Der Umbau der Advanced Medien ist nach der Übernahme der Atlas Air aber noch längst nicht abgeschlossen. „Wir befinden uns in konkreten Übernahmegesprächen und verhandeln in zwei Richtungen“, sagt Dauer. Zum einen liebäugelt der Vorstand mit einem Kauf eines Mitbewerbers im Bereich Inflight Entertainment. Zum anderen soll eine Firma gekauft werden, die außerhalb dieses Geschäftsbereiches liegt. „Wir haben großes Interesse an einem zweiten Standbein. Es handelt sich dabei um ein sehr spezielles Geschäft in der Medienbranche, welches Wachstum verspricht und nur geringe Risiken aufweist“. Die Finanzierung wird über eine Bar- und/oder eine Sachkapitalerhöhung abgewickelt. Großen Charme hätte unseres Erachtens ein Zukauf via Sacheinlage. Das hätte die Folge, dass der Konzern einen weiteren Großaktionär begrüßen kann. Wir sind gespannt, in welches Geschäft Dauer einsteigen will.
Die Advanced Medien AG ist an der Börse vor allem als Skandalnudel bekannt. Dauer fühlt sich mit dem Namen der Gesellschaft ebenfalls nicht sonderlich wohl. „Wir überlegen uns durchaus den Namen zu ändern“. Voreilig wird dies aber nicht geschehen. „Wenn wir ein bis zwei Unternehmen kaufen, könnte der neue Name schon wieder wenig Sinn machen“, erklärt Dauer.

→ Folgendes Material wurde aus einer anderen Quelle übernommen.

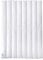 Billerbeck 5107450001 Decke S34 Hydro Active Superlight, circa 135 x 200 cm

An dem Unternehmen sind übrigens zwei ehemalige Stars des Neuen Marktes mit rund 14 Prozent beteiligt. Kurt Ochner, über seine neue Firma KST Beteiligungs AG und Marian von Korff, Chef der FI-Gruppe. Nach unseren Informationen haben die beiden Aktionäre längerfristiges Interesse an dem Papier. Mit einem Börsenwert von zwölf Millionen Euro ist die Aktie ein Schnäppchen. Die Hälfte der Kapitalisierung ist mit Cash unterfüttert. Verdient die Firma in 2005 tatsächlich rund drei Millionen Euro (EBT dürfte nahezu dem Nettoergebnis entsprechen) liegt das KGV nur bei vier. Risikobereite Anleger spekulieren bei dieser heißen Turnaroundgeschichte mit. Stopps bieten sich 15 bis 20 Prozent unter Einstieg an!